WHAT THE EXERCISE ASKS: Leave the images aside and repeat the whole listing exactly.

SUPPLIED DATA:
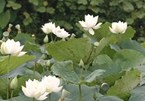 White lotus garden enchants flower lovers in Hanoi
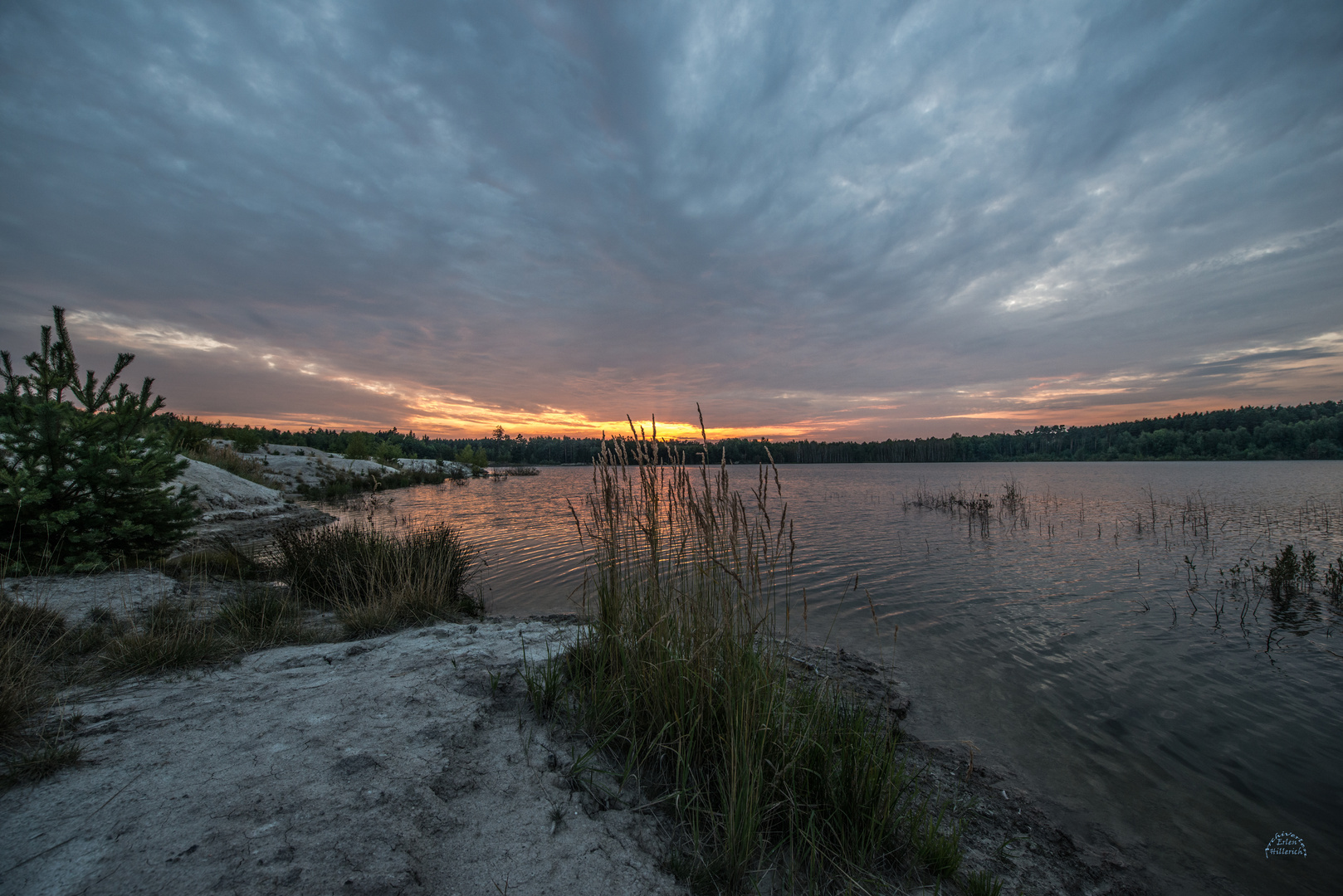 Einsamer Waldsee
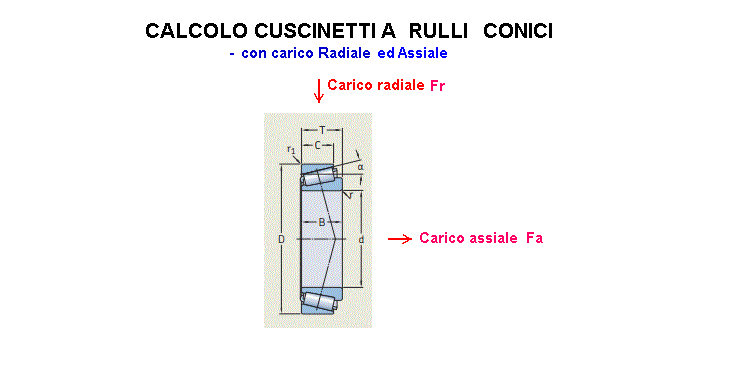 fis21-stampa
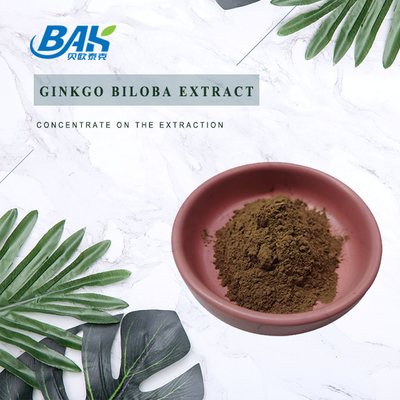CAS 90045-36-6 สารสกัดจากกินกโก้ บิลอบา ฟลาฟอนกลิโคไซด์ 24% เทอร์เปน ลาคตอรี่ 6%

REPLY:
 White lotus garden enchants flower lovers in Hanoi
 Einsamer Waldsee
 fis21-stampa
CAS 90045-36-6 สารสกัดจากกินกโก้ บิลอบา ฟลาฟอนกลิโคไซด์ 24% เทอร์เปน ลาคตอรี่ 6%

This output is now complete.